Tentu saja aksi ini menuai kecaman dari berbagai elemen masyarakat dan ormas-ormas Islam baik di Aceh maupun nasional. Kejadian ini sangat memprihatinkan kita. Kita patut mengecam perbuatan para pelaku tersebut. Ini tindakan kriminal karena telah merugikan pihak lain. Aksi ini juga telah melukai hati umat Islam khususnya warga Muhammadiah dan merusak ukhuwwah islamiah.
Perbuatan buruk ini juga telah menodai syariat Islam di Aceh dan mencoreng nama Aceh. Sangat memalukan. Ini menunjukkan pelanggaran syariat dan sikap intoleran yang dilakukan oleh kelompok tertentu terhadap kelompok yang berbeda mazhab Fiqh.
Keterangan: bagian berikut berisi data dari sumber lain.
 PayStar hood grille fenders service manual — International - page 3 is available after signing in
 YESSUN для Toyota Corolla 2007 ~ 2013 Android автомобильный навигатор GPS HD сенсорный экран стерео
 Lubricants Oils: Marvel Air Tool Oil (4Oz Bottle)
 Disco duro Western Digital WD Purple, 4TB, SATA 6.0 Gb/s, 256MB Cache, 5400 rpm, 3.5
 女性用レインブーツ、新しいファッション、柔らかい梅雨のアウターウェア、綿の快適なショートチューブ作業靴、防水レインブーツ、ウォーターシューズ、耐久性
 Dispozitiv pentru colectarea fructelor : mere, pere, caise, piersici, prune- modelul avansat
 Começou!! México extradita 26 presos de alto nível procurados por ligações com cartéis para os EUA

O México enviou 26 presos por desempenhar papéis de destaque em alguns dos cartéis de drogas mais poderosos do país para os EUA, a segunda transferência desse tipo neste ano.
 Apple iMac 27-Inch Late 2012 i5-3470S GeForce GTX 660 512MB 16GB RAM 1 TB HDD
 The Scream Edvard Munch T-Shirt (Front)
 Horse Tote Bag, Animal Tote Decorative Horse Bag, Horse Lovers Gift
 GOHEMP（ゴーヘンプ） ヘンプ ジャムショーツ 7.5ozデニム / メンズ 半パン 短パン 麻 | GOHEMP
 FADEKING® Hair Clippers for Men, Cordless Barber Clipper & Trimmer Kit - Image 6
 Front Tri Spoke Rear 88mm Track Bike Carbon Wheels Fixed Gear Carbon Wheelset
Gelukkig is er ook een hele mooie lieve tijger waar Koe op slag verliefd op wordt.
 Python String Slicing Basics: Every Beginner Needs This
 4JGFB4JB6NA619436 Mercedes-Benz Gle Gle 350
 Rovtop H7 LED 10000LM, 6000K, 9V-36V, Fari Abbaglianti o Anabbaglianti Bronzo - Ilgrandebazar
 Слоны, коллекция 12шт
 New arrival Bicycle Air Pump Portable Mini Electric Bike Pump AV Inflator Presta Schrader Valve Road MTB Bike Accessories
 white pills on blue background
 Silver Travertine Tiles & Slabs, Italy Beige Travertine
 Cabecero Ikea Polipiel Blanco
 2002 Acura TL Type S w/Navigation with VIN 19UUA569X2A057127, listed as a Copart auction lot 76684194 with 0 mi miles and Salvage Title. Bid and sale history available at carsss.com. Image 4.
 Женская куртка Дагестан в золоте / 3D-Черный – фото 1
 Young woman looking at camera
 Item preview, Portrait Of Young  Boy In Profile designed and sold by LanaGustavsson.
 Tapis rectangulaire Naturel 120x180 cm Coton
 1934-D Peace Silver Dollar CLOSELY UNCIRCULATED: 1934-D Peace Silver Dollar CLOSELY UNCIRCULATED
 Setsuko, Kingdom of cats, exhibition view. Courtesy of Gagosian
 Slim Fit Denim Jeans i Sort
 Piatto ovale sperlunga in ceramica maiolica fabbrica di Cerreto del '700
Sepatutnya, aksi intoleran dan anarkhis tidak boleh terjadi di manapun, terlebih lagi di Aceh. Mengingat Aceh merupakan daerah yang menerapkan syariat Islam secara formal di Indonesia. Dalam syariat Islam, tidak dibolehkan membakar bangunan atau balai milik orang lain. Hukumnya jelas haram (dosa besar). Apalagi yang dibakar itu masjid.
Aksi ini tidak dibenarkan dalam agama dan hukum yang berlaku di Indonesia. Oleh karena itu, para pelaku aksi pembakaran ini harus ditangkap dan diproses hukum serta diberi hukuman yang tegas. Agar ada efek jera terhadap pelaku dan menjadi pelajaran sehingga tidak terulang lagi kejadian seperti ini.
Baca: Muhammadiyah: “Jangan Jadikan Stigma Wahabi jadi Komoditas Politik
Kasus intoleran dan anarkhis bukan yang pertama kali terjadi di Aceh. Sebelum ini, terjadi aksi penolakan terhadap pembangunan masjid Muhammadiah di Juli, Biereun. Begitu pula aksi perusakan dan penolakan terhadap ma’had yang dituduh wahabi, menyesatkan seseorang dan kelompok tertentu dengan tuduhan wahabi, penurunan paksa khatib dari mimbar, penolakan shalat jumat di masjid yang berdekatan, dan perebutan masjid-masjid yang pengurusnya dituduh wahabi, termasuk masjid Raya Baiturrahman yang bersejarah dan menjadi ikon masjid seluruh Aceh.
Masjid-masjid tersebut dipaksa model ibadah tertentu. Khatib diinterupsi dan diturunkan dari mimbar dengan paksa hanya gara-gara tidak pakai tongkat dan tidak muawalat. Bahkan ada khatib yang dipukul ketika sedang berkhutbah. Kasus-kasus tersebut hanya terjadi di Aceh, tidak ada di daerah lain di Indonesia dan di negara mana pun di dunia. Hanya gara-gara persoalan khilafiah, persoalan “sunnat” dan bahkan persoalan yang tidak ada dalil yang shahih, mereka rela merusak ukhuwwah islamiah dengan menyakiti, menzhalimi, dan membenci serta menyesatkan saudaranya Ahlussunnah wal Jama’ah.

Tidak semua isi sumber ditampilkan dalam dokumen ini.